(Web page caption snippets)
=== Begin Enclosure ===

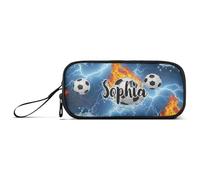 RPLIFE Trousse à crayons de grande capacité avec plusieurs compartiments pour enfants, motif ballons de football, flammes d'eau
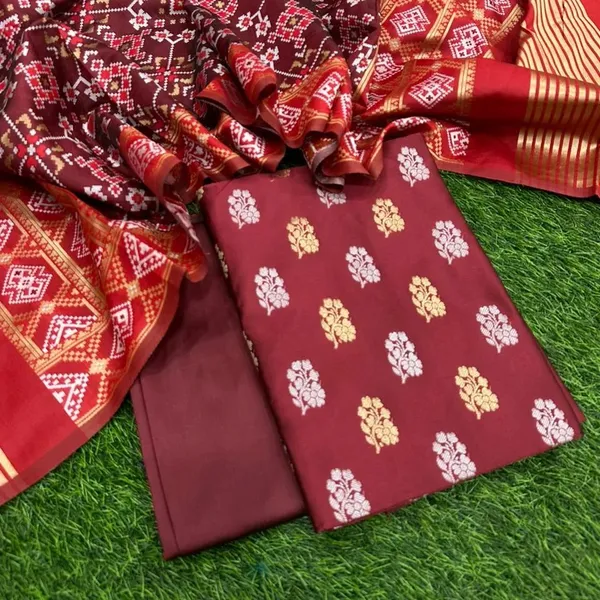 Maroon_Katan_Silk_Silver_Gold_Zari_With_Patola_Weave_Dupatta_Suit_Set_700SKL_KS46
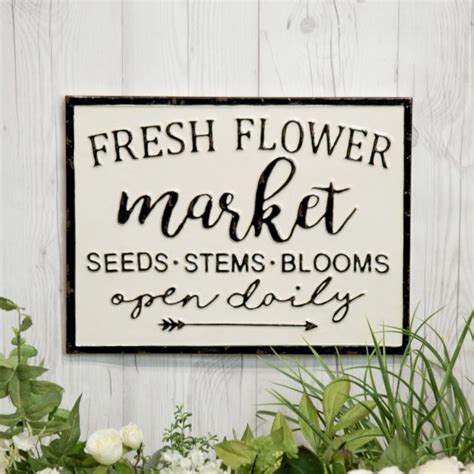 Fresh Flower Market Flower Market Plant Signs Wall Signs Diy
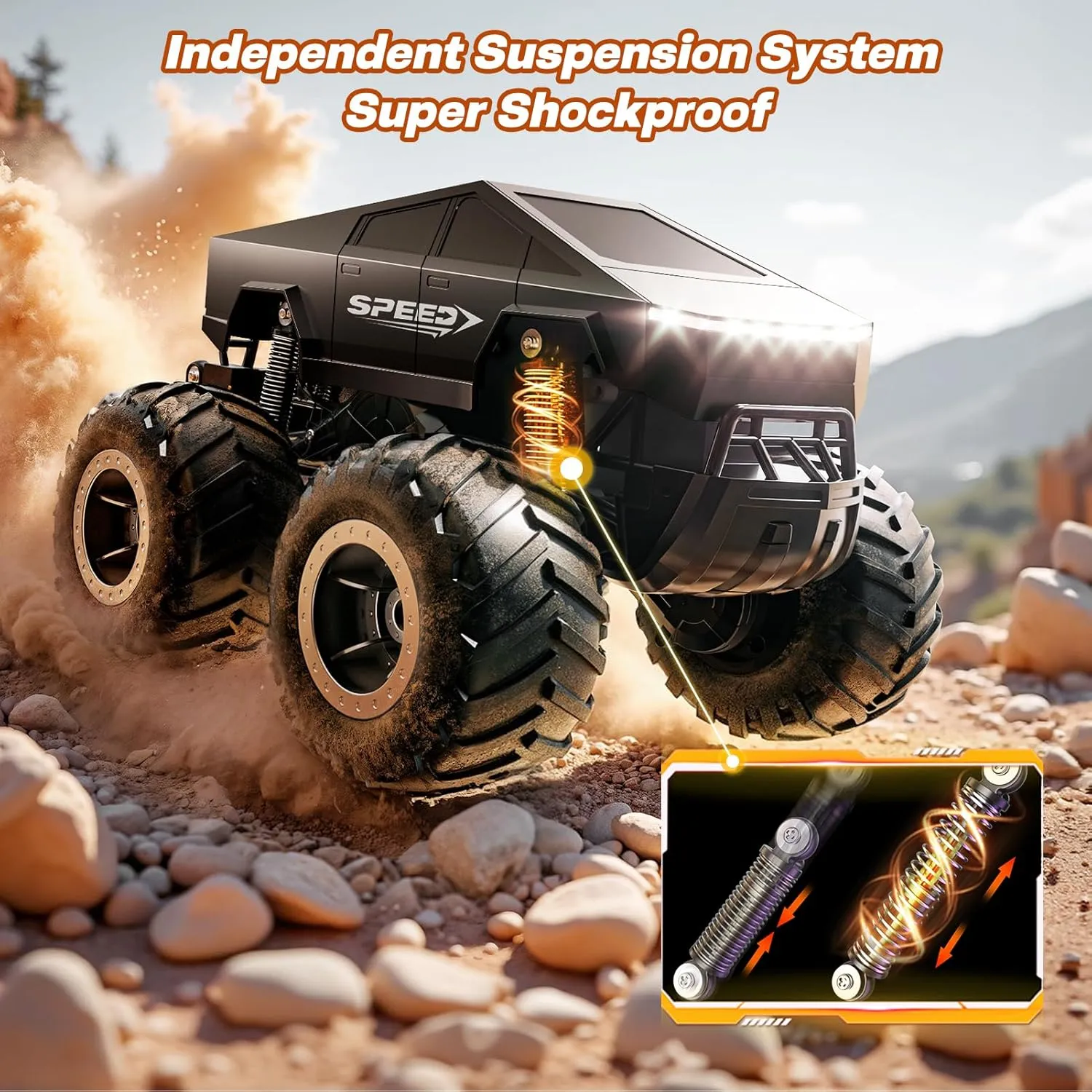 Scale represent categorically Hobby Monster Truck Toys 2.4GHz Pick-up Vehicles Kids Gifts for Boys Age 6 7 8 9 10-12 ,Black Remote Control Car Monster Truck Toy Off-Road Truck - 4WD Waterproof RC Cars for All Terrain, 1:16 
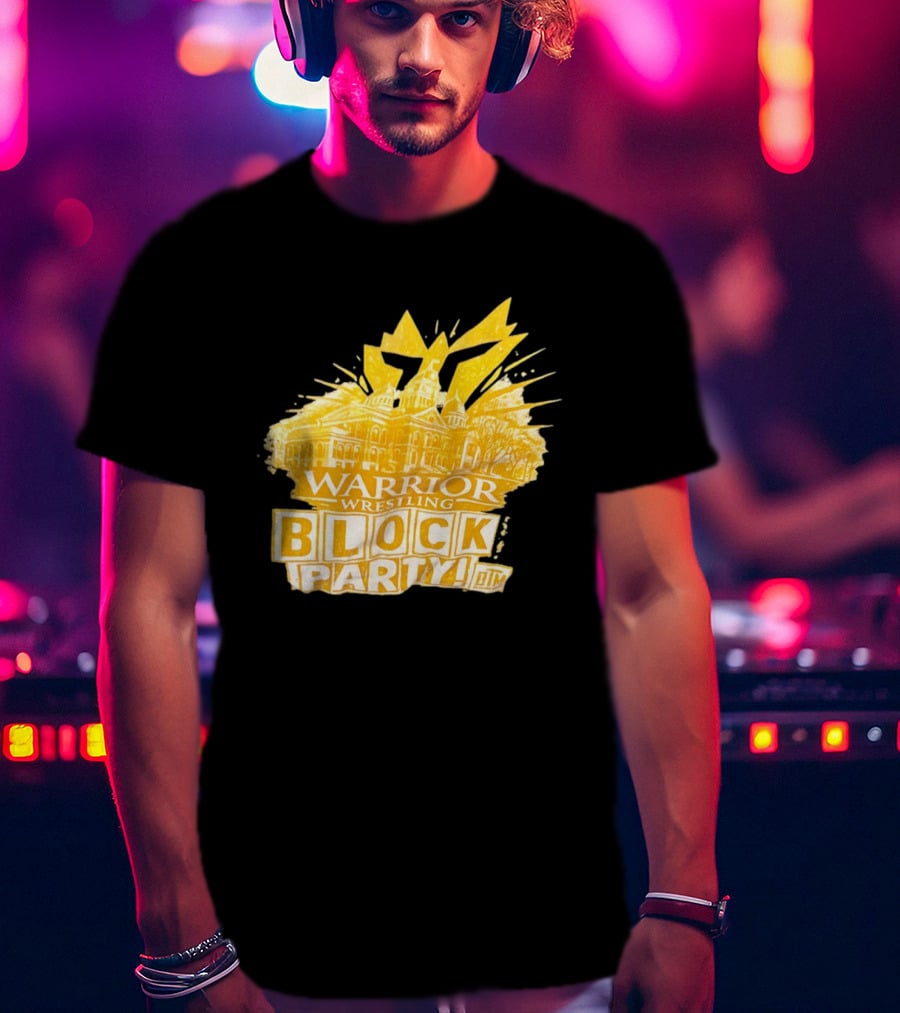 Warrior Wrestling Block Party BTM Yellow Graffiti Explosion T-Shirt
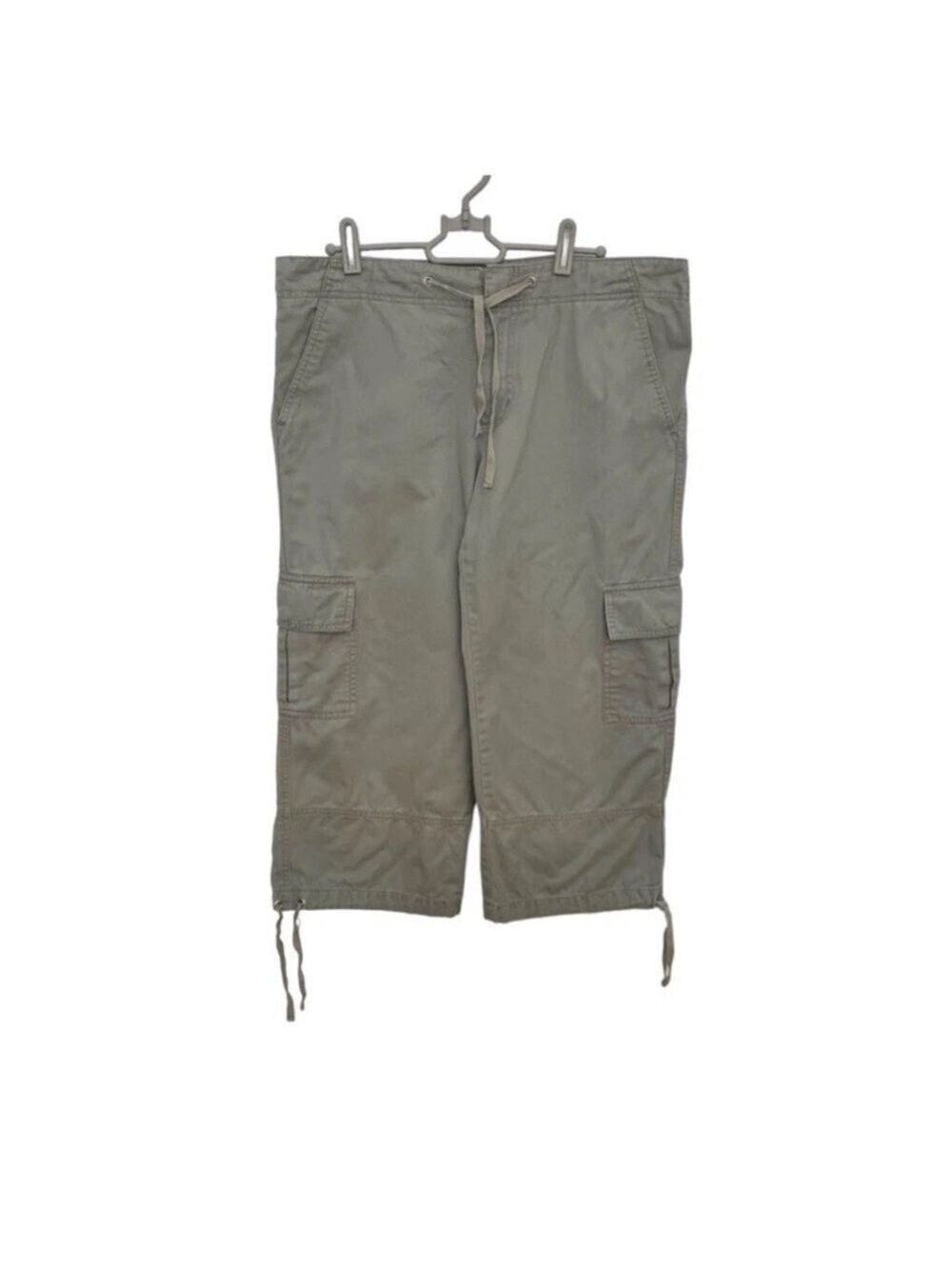 Allen Allen Cargo Capri Pants Women’s Medium Olive Khaki Cotton Drawstring Hem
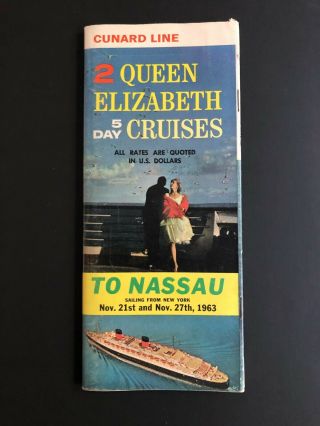 Rms Queen Elizabeth - Cunard Line | 1963 Cruise Deck Plan Brochure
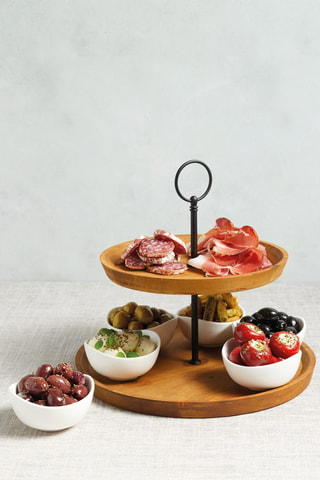 Service à apéritifs en acacia et porcelaine - 6 pièces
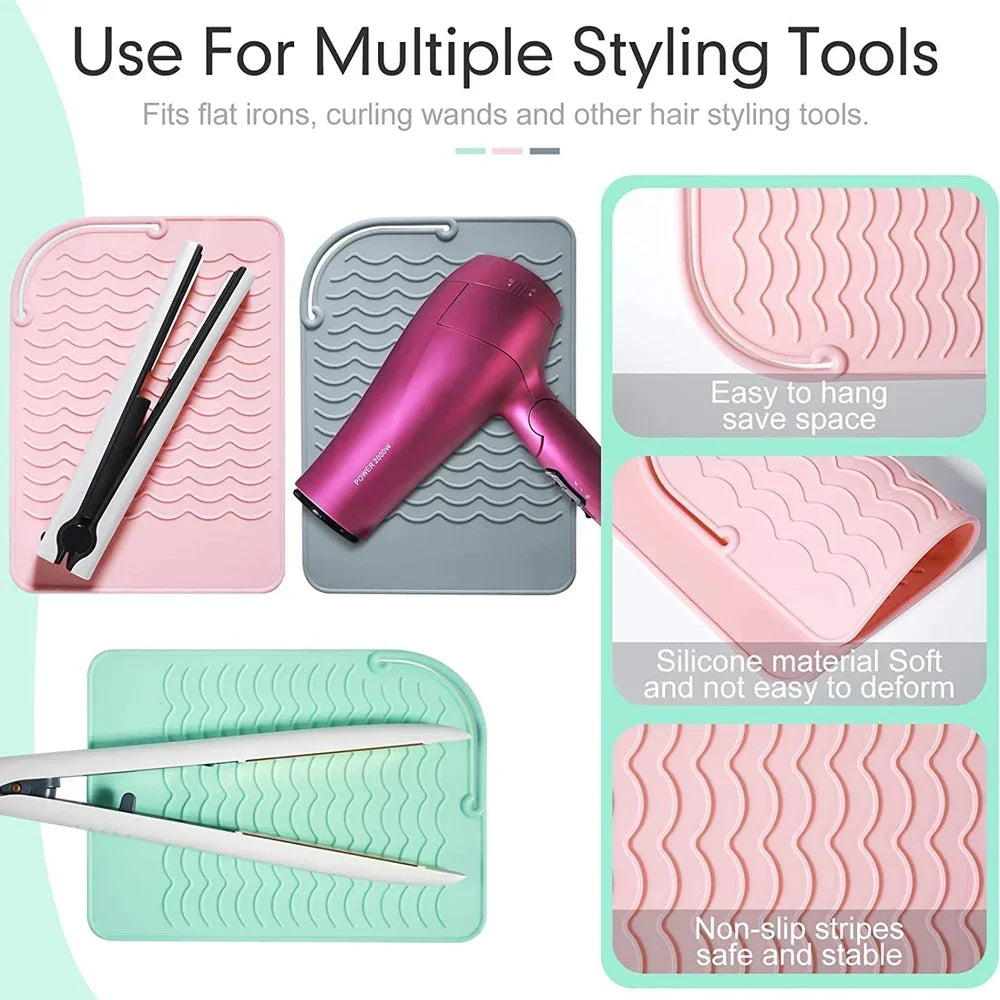 Styling Tools Heat Proof Mat Silicone Pad Anti Slip Portable for Hair Straightener Curling Iron Countertop Protector Oasis Select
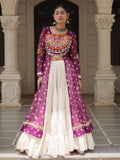 Bewitching Wine Cotton Navratri Wear Lehenga With Kutchi Patch Work Kurti - Zeel Clothing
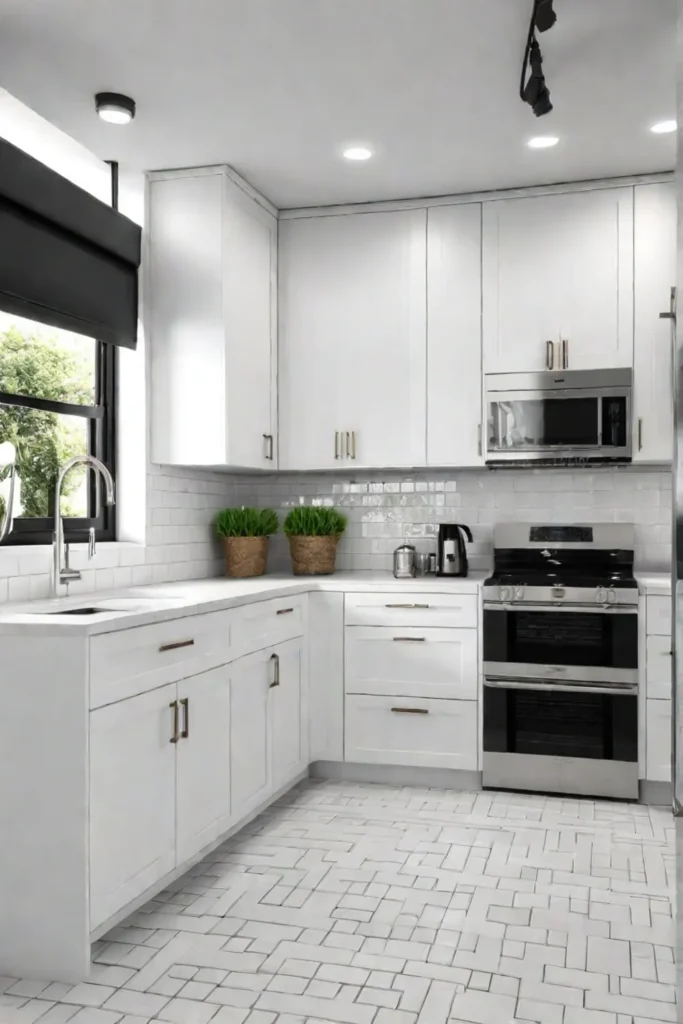 Efficient small kitchen design with white shaker cabinets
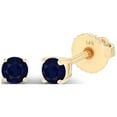 thumbnail image 2 of Decadence Solid 14K Yellow Gold 3mm Round Natural Blue Sapphire September Birthstone Screwback Stud Earrings, 2 of 5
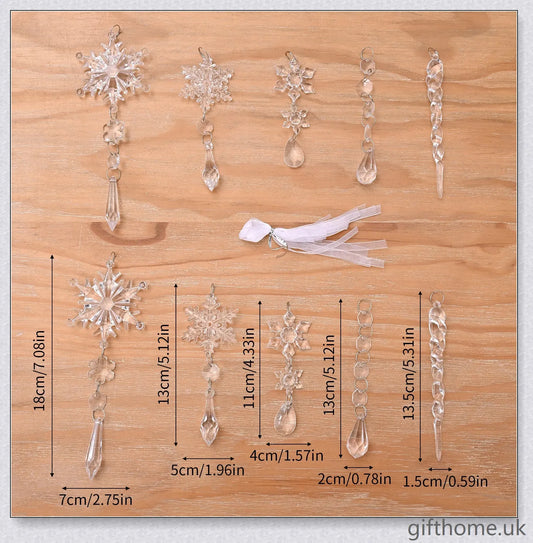Sparkling clear acrylic icicle ornaments with hanging holes and ribbon, perfect for decorating Christmas trees, fireplaces, and more.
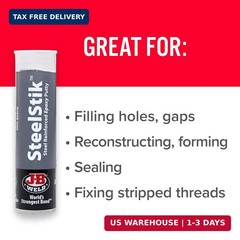 J-B Weld SteelStik, 1 Hour Cure, Steel Reinforced Epoxy Putty Stick – 2 Pack, Da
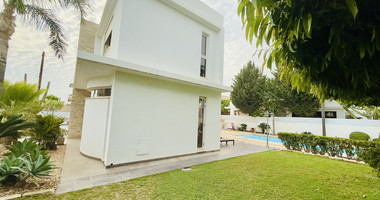 FOR RENT DETACHED FOUR BEDROOM HOUSE WITH SEPARATE OFFICE IN KATO POLEMIDIA OFFERING LANDSCAPED GARDEN AND SWIMMING POOL.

=== End Enclosure ===

Work instruction: Print exactly the lines above that run from the one with "Warrior Wrestling Block" to the one with "J-B Weld SteelStik, 1", both included. No pictures.

Reply:
 Warrior Wrestling Block Party BTM Yellow Graffiti Explosion T-Shirt
 Allen Allen Cargo Capri Pants Women’s Medium Olive Khaki Cotton Drawstring Hem
 Rms Queen Elizabeth - Cunard Line | 1963 Cruise Deck Plan Brochure
 Service à apéritifs en acacia et porcelaine - 6 pièces
 Styling Tools Heat Proof Mat Silicone Pad Anti Slip Portable for Hair Straightener Curling Iron Countertop Protector Oasis Select
 Bewitching Wine Cotton Navratri Wear Lehenga With Kutchi Patch Work Kurti - Zeel Clothing
 Efficient small kitchen design with white shaker cabinets
 thumbnail image 2 of Decadence Solid 14K Yellow Gold 3mm Round Natural Blue Sapphire September Birthstone Screwback Stud Earrings, 2 of 5
Sparkling clear acrylic icicle ornaments with hanging holes and ribbon, perfect for decorating Christmas trees, fireplaces, and more.
 J-B Weld SteelStik, 1 Hour Cure, Steel Reinforced Epoxy Putty Stick – 2 Pack, Da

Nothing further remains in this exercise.